Abstract

Introduction: Contemporary nationwide estimates of outcomes associated with craniotomy procedures (CP) among patients with primary intracerebral hemorrhage (ICH) are lacking. Methods: From the nationwide inpatient sample (2016 - 2019), we identified adults discharged with primary ICH diagnosis and those who received CP. We fit a series of multivariable logistic regression models to report the adjusted odds ratios (aOR) and 95% confidence interval (CI) for factors associated with receiving CP and the association of CP with in-hospital mortality, home discharge, and development of major complication (MCC): brain abscess, sepsis, deep vein thrombosis, urinary tract infection, and pneumonia. We also fit generalized linear model (γ family) to report the adjusted mean ratio (aMR) and CI for the association of craniotomy with length of stay (LOS) and cost of care. Results: Among 271 840 ICH hospitalizations (mean age [SD] 68.2 [14.9] years; 48% females), 15.3% received CP. Utilization of CP increased from 14.6% in 2016 to 15.8% in 2019 (aOR, CI: 1.10, 1.00 -1.21). Factors independently associated with lower odds of receiving CP (aOR, CI) are older age (0.97, 0.97 - 0.97); Hispanic ethnicity (0.87, 0.78 - 0.97) and Asian race (0.84, 0.73 - 0.96) (vs.

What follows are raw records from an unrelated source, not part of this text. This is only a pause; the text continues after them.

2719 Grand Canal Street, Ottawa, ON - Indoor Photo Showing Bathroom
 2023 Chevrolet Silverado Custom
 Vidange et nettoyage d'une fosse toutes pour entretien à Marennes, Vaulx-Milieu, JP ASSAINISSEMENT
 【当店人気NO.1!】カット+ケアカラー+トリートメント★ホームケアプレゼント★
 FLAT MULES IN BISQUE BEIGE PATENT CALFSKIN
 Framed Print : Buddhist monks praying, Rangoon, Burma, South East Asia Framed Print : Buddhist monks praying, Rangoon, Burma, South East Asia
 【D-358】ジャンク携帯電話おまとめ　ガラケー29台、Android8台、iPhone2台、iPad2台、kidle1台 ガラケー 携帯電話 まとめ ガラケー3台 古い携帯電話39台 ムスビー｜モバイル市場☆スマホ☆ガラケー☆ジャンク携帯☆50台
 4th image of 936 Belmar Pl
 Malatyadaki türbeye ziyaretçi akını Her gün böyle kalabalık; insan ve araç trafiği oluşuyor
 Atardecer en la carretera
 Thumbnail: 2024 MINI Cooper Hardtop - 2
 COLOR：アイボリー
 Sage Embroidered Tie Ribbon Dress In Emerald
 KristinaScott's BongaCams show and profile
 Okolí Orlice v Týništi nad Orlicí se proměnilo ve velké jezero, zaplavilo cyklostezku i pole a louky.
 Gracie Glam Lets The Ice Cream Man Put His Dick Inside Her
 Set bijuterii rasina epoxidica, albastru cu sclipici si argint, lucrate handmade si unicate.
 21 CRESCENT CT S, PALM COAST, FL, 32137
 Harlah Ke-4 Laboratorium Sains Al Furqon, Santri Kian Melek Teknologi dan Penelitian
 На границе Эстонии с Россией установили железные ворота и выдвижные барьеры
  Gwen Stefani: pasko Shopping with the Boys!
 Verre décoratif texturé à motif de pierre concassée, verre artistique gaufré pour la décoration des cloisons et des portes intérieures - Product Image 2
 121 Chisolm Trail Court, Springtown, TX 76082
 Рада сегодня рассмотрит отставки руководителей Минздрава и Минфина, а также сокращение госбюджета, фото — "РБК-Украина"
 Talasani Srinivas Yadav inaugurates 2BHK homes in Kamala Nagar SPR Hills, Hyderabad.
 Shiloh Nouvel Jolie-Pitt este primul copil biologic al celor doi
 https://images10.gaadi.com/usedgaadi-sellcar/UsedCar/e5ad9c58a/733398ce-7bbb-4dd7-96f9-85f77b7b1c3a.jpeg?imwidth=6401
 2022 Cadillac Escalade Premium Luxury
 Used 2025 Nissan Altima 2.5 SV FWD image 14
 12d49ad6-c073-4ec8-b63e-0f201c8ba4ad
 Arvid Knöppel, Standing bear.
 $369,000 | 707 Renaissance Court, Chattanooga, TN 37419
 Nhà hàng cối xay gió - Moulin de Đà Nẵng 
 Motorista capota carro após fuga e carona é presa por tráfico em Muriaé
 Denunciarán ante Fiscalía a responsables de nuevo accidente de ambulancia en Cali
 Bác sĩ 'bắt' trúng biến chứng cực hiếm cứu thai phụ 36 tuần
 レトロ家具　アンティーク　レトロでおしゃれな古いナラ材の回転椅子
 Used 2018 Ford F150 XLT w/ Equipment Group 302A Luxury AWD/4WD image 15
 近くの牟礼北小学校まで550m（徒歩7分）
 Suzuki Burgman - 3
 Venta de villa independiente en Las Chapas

Non-Hispanic White); congestive heart failure (0.86, 0.79 - 0.95); diabetes (0.79, 0.72 - 0.87) and renal failure (0.68, 0.62 - 0.74). Private (vs. Medicare) insurance (1.23, 1.13 - 1.34); and residence in large metropolitan (vs. non-metropolitan) counties (1.14, 1.03 - 1.25) is associated with higher odds of receiving a CP. CP is associated with significantly lower odds of in-hospital mortality (aOR, CI: 0.66, 0.61 - 0.72) and home discharge (0.51, 0.45 - 0.57). However, CP ICH patients had longer LOS (aMR, CI: 1.79. 1.75 - 1.84) and higher cost of care (1.82, 1.79 - 1.85). CP is not associated with MCC (aOR, CI: 0.99, 0.92 - 1.07). Conclusions: Modern-day craniotomy procedures likely improve ICH in-patient survival and are not associated with major complications. Large, pragmatic clinical trials for ICH patients are needed to evaluate effectiveness of craniotomy, particularly minimally invasive procedures, on longer term mortality and functional outcomes.